Com a exceção gritante de uma única piada, que fez toda a plateia grunhir de desaprovação, “O Dublê” tem um humor leve e divertido. E grande parte do mérito é de Gosling, que apesar de interpretar um super-herói da vida real, isto é, um dublê extremamente hábil, nunca exala aquele cheirinho de arrogância tão comum aos homens de barriga tanquinho.

No filme, Emily Blunt interpreta Jody Moreno, diretora de um longa de ficção-científica que mais parece uma mistura de “Duna” e “Mad Max: Estrada da Fúria”. Aqui, a metalinguagem nunca é cínica. Em dado momento, uma roteirista sugere resolver o problema do terceiro ato com uma admissão de culpa (imagine, por exemplo, um Ryan Reynolds quebrando a quarta parede), o que a diretora logo descarta. Ainda bem.

Aposentado depois de sofrer um acidente grave, o dublê Colt Seavers (Gosling) é convocado ao set de filmagem pela produtora Gail Meyer (Hannah Waddingham) para fazer as cenas de ação e, ao mesmo tempo, descobrir o paradeiro do astro Tom Ryder (Aaron Taylor-Johnson) – piada óbvia com Tom Cruise, embora Cruise também exista neste universo. Só que Colt e Jody já se conhecem de outros carnavais…
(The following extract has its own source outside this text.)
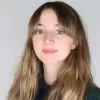 Sabrina Welsh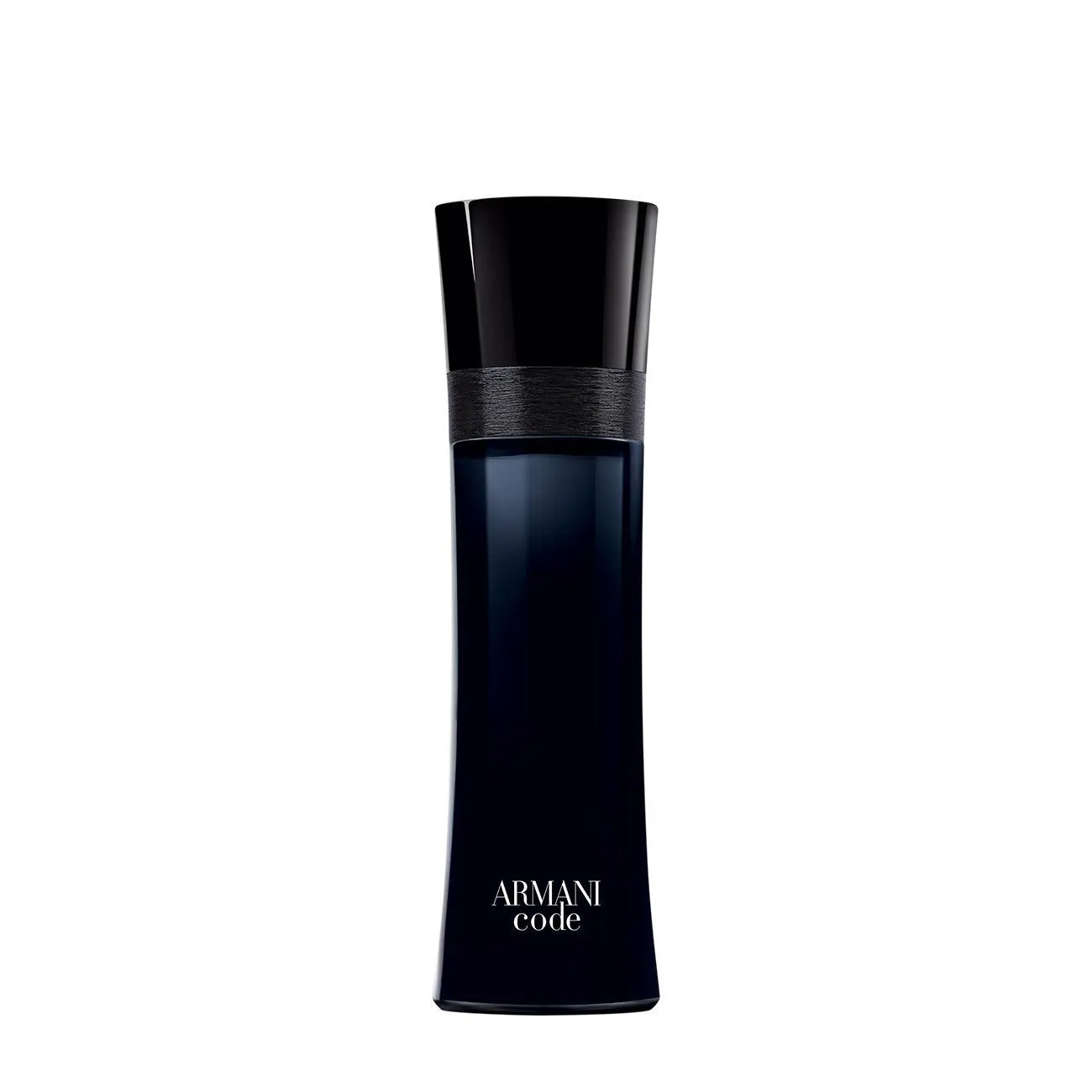 Armani Code - Eau de Toilette Pour Homme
“O Dublê” é uma declaração de amor aos profissionais que fazem a magia do cinema acontecer. Não só aqueles como Colt, que se arriscam em manobras mortais, mas toda a pirâmide humana composta por assistentes, operadores de câmera e técnicos em geral que elevam um ator ao status de herói. Neste caso, é fácil colocar Gosling no topo.

Dando continuidade à temática de “Barbie”, Gosling interpreta um homem que dá um perdido na personagem de Blunt por se sentir fragilizado após o acidente que sofreu – uma sensação completamente inédita para um homem tão intrépido. Para reavê-la, ele precisa articular os seus sentimentos de maneira pública, dando adeus ao orgulho da masculinidade tóxica. Afinal, he’s just Colt.

Em outra cena, ele chora copiosamente ao som de Taylor Swift e não há nem sinal daquele desdém típico dos personagens espertinhos de Reynolds. Sem piscadelas ou tiradinhas, Gosling se entrega de corpo e alma, nunca debochando das motivações de seu personagem, do próprio filme ou mesmo do espectador, como “Deadpool” adora fazer.

Resta saber se Leitch, com a sua inclinação mais rasteira, vai parar de investir no Ryan errado e aproveitar essa galinha de ovos de ouro que é o charme de Gosling. Chad Stahelski, diretor de “John Wick” e também ex-dublê, já deitou e rolou com o seu “muso” inspirador – um ator carismático e sem um pingo de soberba.